Modification of Alimony based on retirement was addressed in the Alimony Reform Statute that was recently passed on March 8, 2016. The statute was vetoed by Governor Scott on April 15, 2016.

Under the Alimony Reform Statute, an alimony payor may obtain a termination or a modification of alimony based upon his or her retirement when: (a) the payor has reached the age for eligibility to receive full retirement benefits under the Social Security Act and has retired; or (b) the payor has reached the customary retirement age for his or her profession and has retired from that profession. A payor may file an action for modification or termination of alimony within one year of his or her anticipated retirement date and the court will then decide the customary retirement date for the obligor’s occupation.
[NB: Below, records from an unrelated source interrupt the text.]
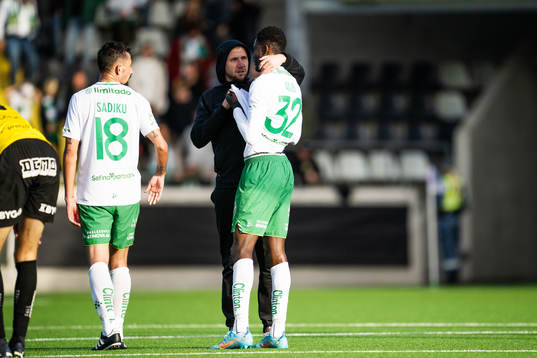 Hammarbys Darijan Bojanic tröstar Nathaniel Adjei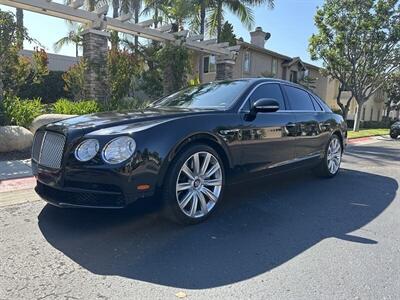 2018 Bentley Flying Spur V8   - Photo 1 - San Diego, CA 92115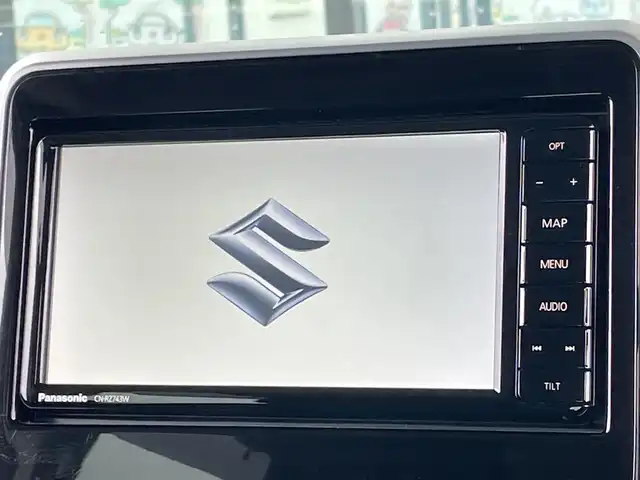 スズキ スペーシア HYBRID X 千葉県 2019(令1)年 1.8万km シフォンアイボリーM 純正メモリナビ/(フルセグTV/BT/CD/DVD/FM/AM)/バックカメラ/衝突被害軽減システム/車線逸脱警報/両側パワースライドドア/横滑り防止装置/ETC/アイドリングストップ/オートライト/電動格納ミラー/シートリフター/プッシュスタート/スマートキー/フロアマット/スペアキー/保証書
A determination of the customary retirement age is not an determination of the merits of the petition for termination or modification of alimony.

If an alimony payor retires voluntarily before reaching any of the ages described above, the court will decide whether the payor’s retirement is reasonable based upon the payor’s age, health, and motivation for retirement and the financial impact the payor’s retirement on the payee.

A finding of reasonableness by the court shall constitute a substantial change in circumstance.

In the event that the Court finds that the payor’s retirement was reasonable, there is a rebuttable presumption that an alimony payor’s existing obligation should be terminated or modified. The court will either terminate or modify the alimony obligation, or make a decision about whether the rebuttable presumption has been overcome, based upon the following factors: (i) the parties’ ages; (ii) the parties’ health; (iii) the parties’ liabilities and assets; (iv) the parties’ earned or imputed income; (v) the parties’ ability to maintain full-time or part-time employment; and (vi) any other factor deemed relevant by the court.

The trial court is permitted to temporarily suspend or reduce the payor’s alimony payments while his or her supplemental petition for modification or termination is pending.

Any party who unreasonably defends or pursues an action for modification of alimony will be required to pay the attorney’s fees and costs of the prevailing party. A party that is required to pay the prevailing party’s attorney’s fees and costs will not be entitled to receive an award of attorney’s fees and costs against the other party.

There is a rebuttable presumption that a termination or modification of an alimony is retroactive to the date of the filing of the supplemental petition, unless the payee demonstrates that this would be inequitable.